As Bell pointed out, according to a number of studies global meat consumption will rise significantly by around 3% per year up to 2030. “Current production methods will no longer be able to sustainably meet this increase in demand,” the meat producer said.
Bell noted that cultured meat could achieve a market share of 10% by 2030.
Indeed, according to some pundits, this forecast is relatively modest. By 2040, 60% of the meat we eat will either come in the form of ‘novel vegan meat replacements’ (plant-based meat analogues with the sensory properties of meat) or will be created through exponential cell growth in bioreactors, a recent report from AT Kearney predicted.
The consulting firm noted the ‘predicted triumph’ of cultured meat is based on the sustainability of the process and its ability to deliver ‘tailor-made nutrition’ through meat products.
AT Kearney forecast that cultured meat will, in the long run, act as a major disruptor to the conventional meat sector. Indeed, cultured meat companies have captured the imagination of high profile investors, including Bill Gates and Richard Branson, as well as conventional meat manufacturers, with the likes of Cargill, Tyson and PHW Group all putting money into start-ups in the space.
“With the investment in Mosa Meat, the Bell Food Group wants to support the long-term development of new production methods that offer a possible alternative to consumers who are re-evaluating their consumption of meat for ethical reasons,” Bell concluded.

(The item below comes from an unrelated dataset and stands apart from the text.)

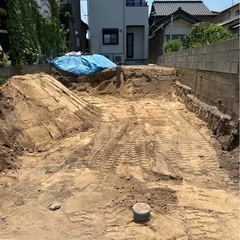 駐車場土間コンクリート打設、目隠しフェンス取り付け致しまし…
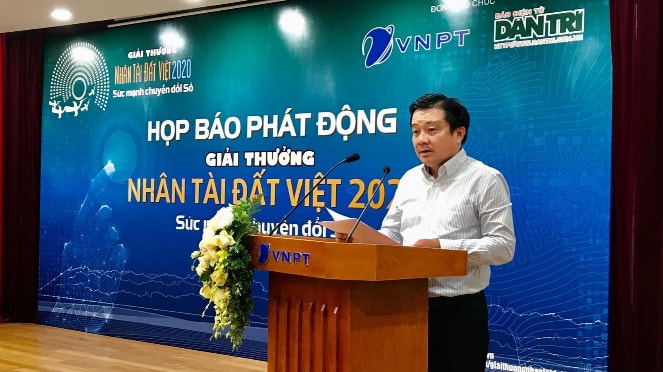 Phó TGĐ VNPT Huỳnh Quang Liêm phát biểu tại buổi họp báo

MainFirst’s Marco believes that such investment, while small in scale, is important to Bell’s long-term strategic positioning in the meat sector.
“Bell Food Group invests over CHF215m every year in its expansion and facilities. The additional €5m is therefore marginal. I see such small investments in potential game changing companies as necessary to diversify from the traditional meat processing business,” he explained.
Nevertheless, from an investment perspective, he stressed priority should be given to investing in other areas of Bell’s business, such as its convenience food division. “It is way more important to strongly invest into convenience food as the potential of this category is higher versus the traditional meat business and is more reliable to predict versus one of the Petri dish alternatives.”